* **Work to be completed**:
Write out exactly the lines from the start of the entries through the one that contains "Black Dotted Long-Sleeve", including both.

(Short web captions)
============================================================

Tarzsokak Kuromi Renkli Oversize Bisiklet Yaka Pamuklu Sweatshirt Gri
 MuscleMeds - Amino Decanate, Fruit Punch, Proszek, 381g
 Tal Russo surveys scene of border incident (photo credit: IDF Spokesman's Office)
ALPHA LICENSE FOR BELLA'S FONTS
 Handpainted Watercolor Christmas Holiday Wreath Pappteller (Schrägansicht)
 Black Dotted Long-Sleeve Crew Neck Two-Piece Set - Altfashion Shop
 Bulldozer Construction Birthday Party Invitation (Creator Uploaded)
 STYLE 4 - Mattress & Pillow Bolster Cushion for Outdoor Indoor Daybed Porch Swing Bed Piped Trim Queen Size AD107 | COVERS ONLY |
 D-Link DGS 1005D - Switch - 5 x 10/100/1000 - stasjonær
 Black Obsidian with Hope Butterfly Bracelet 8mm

============================================================

* **Response to this exercise**:
Tarzsokak Kuromi Renkli Oversize Bisiklet Yaka Pamuklu Sweatshirt Gri
 MuscleMeds - Amino Decanate, Fruit Punch, Proszek, 381g
 Tal Russo surveys scene of border incident (photo credit: IDF Spokesman's Office)
ALPHA LICENSE FOR BELLA'S FONTS
 Handpainted Watercolor Christmas Holiday Wreath Pappteller (Schrägansicht)
 Black Dotted Long-Sleeve Crew Neck Two-Piece Set - Altfashion Shop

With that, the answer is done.